Build and validate were always separate. The model had to write the query string from memory of what it had just introspected, then submit it for validation. That gap is exactly where hallucinated fields slip in.

What changed

Three things. None of them are clever; all of them removed a layer.

1. The subagent layer is gone

We deleted src/lib/graphql-subagents.ts outright. The 233 lines that defined Scout and Researcher are no longer in the codebase. The main agent now calls tools directly.

The reasoning: subagents make sense when you have genuinely independent sub-problems that benefit from their own narrow context. We didn't. Both Scout and Researcher were doing things the main agent could do equally well with the same tools, and the only thing the layer was adding was prompt tokens.
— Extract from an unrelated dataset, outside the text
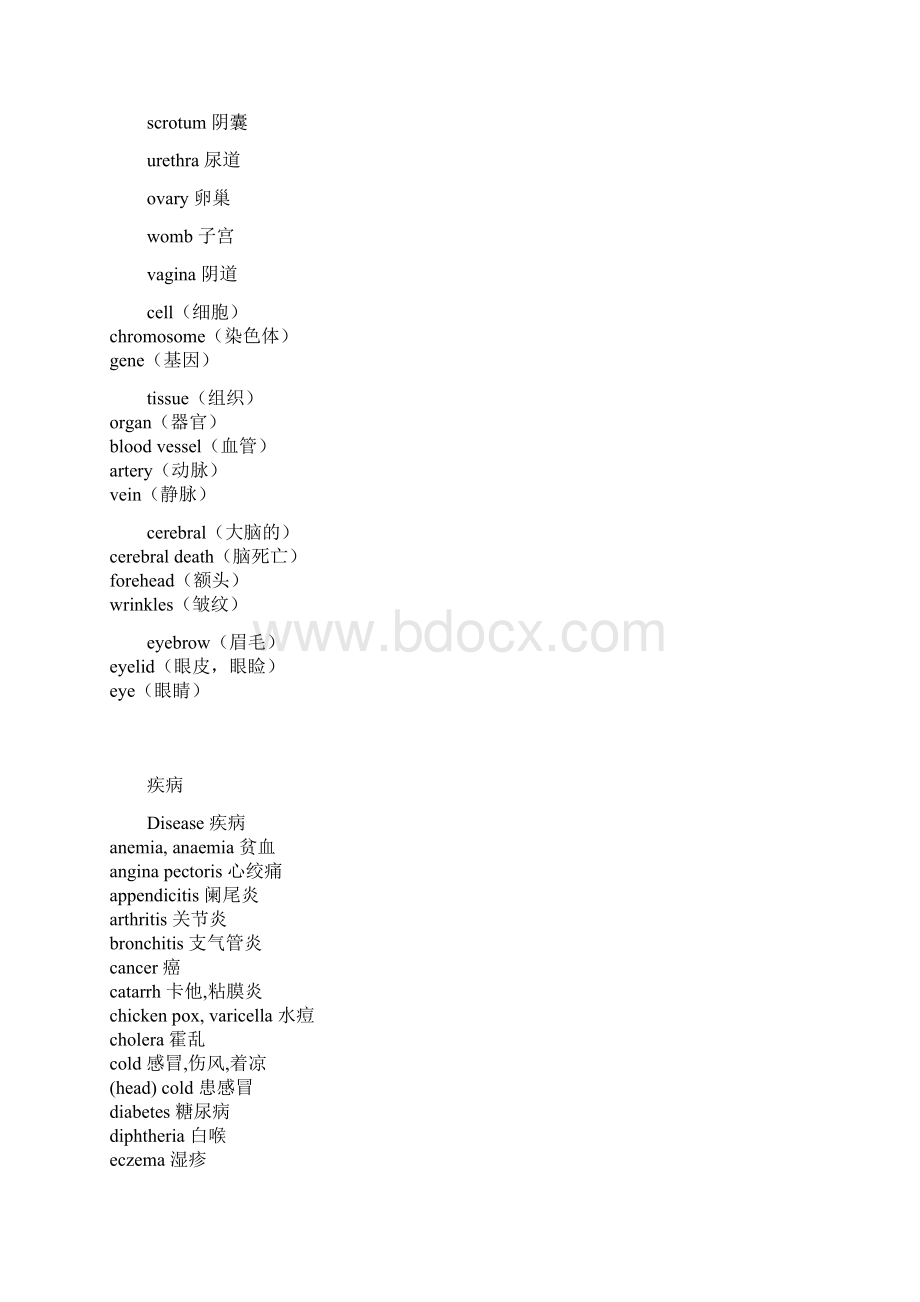 人体器官英语单词文档格式.docx_第3页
So we pulled it.

2. `graphql_build_query` does build + validate + auto-fix in one call

The new tool takes a verified path from search results (for example query → inventoryLevels → quantities) and:

Generates a complete query with named variables.
Validates it against the live schema in the same call.
Auto-replaces any deprecated fields with their replacements and reports the swap as autoFixes.
Returns validation: { valid, errors, fixedQuery } so the agent can present the result directly when valid, or fix once and resubmit if not.
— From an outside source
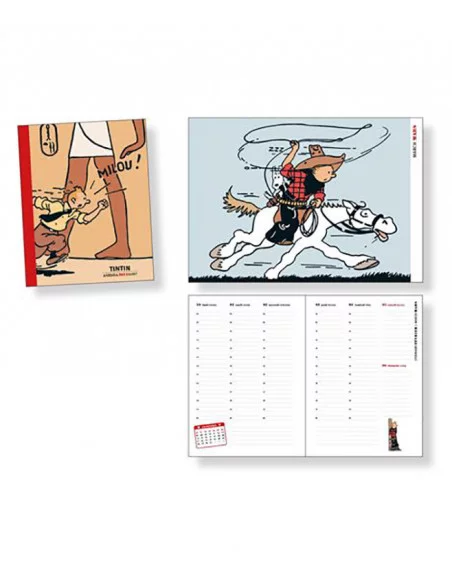 es::Agenda Tintín 2022 Grande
This collapsed the most common four-call pattern (search → introspect → build → validate) into two calls (search → build). For multi-path comparisons (think "build me three options so the user can pick"), we encourage the model to call graphql_build_query in parallel for each candidate path, which the AI SDK runtime supports natively.

3. A lighter "just give me field names" tool

graphql_introspect is powerful but expensive. On a schema with a Query root that has 500+ fields, a single deep introspect call returns a payload large enough to dominate the token budget for that turn.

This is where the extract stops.